---------- DATA

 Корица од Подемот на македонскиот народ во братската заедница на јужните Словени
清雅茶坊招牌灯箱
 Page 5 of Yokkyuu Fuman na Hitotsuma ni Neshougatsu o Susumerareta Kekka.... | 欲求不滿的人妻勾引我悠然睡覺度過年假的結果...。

--------------------
---------- DATA

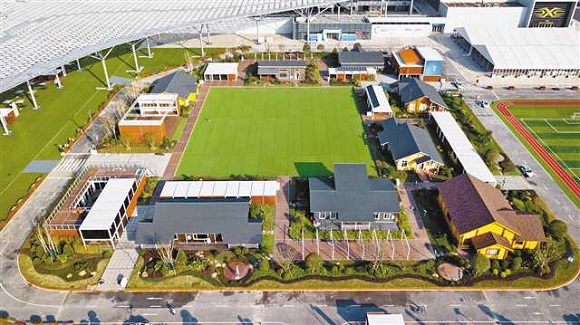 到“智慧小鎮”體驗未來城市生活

--------------------

» WHAT TO PRODUCE
Please transcribe exactly the lines above from the line that has "Корица од Подемот" up to and including the line that has "Page 5 of Yokkyuu"; no other line belongs in the answer.

» OUTPUT OF THE EXERCISE
 Корица од Подемот на македонскиот народ во братската заедница на јужните Словени
清雅茶坊招牌灯箱
 Page 5 of Yokkyuu Fuman na Hitotsuma ni Neshougatsu o Susumerareta Kekka.... | 欲求不滿的人妻勾引我悠然睡覺度過年假的結果...。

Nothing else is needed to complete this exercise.